La fuerza de Jill Biden
“Incluso como cónyuge de un senador trabajaba, iba a la escuela de posgrado […]. Dar la cara es importante. Estás agotada. Pero simplemente haces lo que tienes que hacer ”
Noviembre de 2020. Cuando Joe Biden fue elegido presidente, la victoria pareció validar no solo su decisión de ser candidato sino toda su trayectoria en la política. Lleva llorando en público desde que juró su cargo en el Senado de los Estados Unidos en 1973 desde el hospital donde sus dos hijos pequeños se recuperaban del accidente de coche en el que murieron su primera esposa, Neilia, y su hija de un año, Naomi. Se casó con Jill cuatro años después. Hacia el final de su segundo mandato como vicepresidente, en 2015, uno de esos hijos, Beau, murió de cáncer cerebral. Decidió lanzar esta candidatura –la tercera en tres décadas– después de ver a nacionalistas blancos marchar en Charlottesville en 2017. La nación estaba enferma y dividida. Él quería curarla.
Cuando se contaron los votos, Biden fue declarado ganador.
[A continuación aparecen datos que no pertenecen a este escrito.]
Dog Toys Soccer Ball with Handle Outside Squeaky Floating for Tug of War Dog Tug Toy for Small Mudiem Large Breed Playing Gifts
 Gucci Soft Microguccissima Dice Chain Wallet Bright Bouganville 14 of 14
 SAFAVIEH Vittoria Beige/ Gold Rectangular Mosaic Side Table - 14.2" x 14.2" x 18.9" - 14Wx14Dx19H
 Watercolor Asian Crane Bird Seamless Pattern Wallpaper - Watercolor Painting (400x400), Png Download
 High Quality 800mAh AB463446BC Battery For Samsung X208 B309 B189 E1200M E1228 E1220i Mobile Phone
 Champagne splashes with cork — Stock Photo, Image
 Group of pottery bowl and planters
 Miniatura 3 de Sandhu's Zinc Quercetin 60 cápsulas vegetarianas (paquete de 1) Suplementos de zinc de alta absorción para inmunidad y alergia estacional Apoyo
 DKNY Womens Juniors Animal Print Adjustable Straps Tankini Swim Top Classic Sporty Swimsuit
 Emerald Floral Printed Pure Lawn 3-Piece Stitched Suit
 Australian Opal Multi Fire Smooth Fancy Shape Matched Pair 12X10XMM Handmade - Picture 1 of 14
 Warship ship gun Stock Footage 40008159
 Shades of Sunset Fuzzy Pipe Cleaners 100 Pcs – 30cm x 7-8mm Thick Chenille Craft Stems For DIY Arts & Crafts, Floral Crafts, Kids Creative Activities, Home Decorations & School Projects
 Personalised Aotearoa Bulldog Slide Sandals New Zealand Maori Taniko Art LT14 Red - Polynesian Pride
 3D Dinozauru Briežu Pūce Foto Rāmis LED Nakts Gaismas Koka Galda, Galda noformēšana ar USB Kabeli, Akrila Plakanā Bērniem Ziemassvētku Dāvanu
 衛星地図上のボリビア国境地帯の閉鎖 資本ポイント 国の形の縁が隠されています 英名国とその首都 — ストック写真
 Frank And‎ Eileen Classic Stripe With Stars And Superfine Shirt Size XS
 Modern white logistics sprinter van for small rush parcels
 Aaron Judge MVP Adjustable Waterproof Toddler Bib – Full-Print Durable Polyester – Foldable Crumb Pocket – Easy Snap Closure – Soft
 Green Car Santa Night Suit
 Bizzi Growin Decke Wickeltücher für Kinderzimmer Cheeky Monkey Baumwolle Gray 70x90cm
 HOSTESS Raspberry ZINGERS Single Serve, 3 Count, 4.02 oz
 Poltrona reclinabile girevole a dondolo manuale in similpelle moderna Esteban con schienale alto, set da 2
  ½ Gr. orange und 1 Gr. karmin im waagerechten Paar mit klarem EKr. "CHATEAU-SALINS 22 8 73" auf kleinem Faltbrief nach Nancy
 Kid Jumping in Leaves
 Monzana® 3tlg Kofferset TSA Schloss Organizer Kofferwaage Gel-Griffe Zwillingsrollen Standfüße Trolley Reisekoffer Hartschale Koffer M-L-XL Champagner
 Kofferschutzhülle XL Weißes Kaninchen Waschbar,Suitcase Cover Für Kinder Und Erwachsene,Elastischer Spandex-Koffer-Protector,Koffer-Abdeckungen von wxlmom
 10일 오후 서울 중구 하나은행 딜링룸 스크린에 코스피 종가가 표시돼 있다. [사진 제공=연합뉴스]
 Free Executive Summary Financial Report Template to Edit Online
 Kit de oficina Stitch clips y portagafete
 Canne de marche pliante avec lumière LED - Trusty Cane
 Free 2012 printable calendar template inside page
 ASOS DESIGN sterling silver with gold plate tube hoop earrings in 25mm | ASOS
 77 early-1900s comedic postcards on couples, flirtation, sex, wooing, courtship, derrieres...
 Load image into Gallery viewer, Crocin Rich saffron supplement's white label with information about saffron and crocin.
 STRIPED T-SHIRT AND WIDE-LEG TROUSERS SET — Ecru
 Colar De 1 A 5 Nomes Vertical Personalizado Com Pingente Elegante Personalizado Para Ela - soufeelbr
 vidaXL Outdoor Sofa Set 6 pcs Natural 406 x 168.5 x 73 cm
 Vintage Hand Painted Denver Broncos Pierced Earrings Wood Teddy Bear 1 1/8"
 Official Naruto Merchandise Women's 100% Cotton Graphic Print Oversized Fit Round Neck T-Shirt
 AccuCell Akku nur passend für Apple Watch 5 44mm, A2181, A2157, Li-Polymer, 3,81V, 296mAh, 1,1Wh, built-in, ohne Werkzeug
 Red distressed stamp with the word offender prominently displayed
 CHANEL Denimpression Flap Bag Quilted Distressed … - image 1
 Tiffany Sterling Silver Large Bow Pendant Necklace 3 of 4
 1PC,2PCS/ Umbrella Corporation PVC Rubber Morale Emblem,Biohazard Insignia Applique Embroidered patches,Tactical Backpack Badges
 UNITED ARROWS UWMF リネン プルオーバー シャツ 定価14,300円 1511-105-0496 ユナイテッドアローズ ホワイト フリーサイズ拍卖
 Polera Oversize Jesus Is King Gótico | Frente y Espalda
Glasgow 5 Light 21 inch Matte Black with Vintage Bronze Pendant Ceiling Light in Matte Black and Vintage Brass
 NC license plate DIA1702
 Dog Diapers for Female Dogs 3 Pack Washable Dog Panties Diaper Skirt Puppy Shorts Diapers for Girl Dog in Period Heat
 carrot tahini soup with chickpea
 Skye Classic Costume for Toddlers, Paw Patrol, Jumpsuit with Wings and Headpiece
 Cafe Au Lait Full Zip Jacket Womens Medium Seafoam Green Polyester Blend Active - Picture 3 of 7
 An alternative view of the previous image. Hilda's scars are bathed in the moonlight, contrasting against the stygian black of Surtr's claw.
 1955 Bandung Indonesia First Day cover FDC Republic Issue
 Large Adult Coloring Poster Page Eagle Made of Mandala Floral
Pero mientras tanto, el país se había deteriorado aún más. Estaba luchando contra un nuevo virus y otros más antiguos. La pandemia había sacado a la luz una discriminación y un odio largamente arraigados. Cientos de miles de personas habían muerto. Biden tenía el tipo de credenciales que nadie envidia; pocos en la política podían presumir de tener más experiencia con el dolor.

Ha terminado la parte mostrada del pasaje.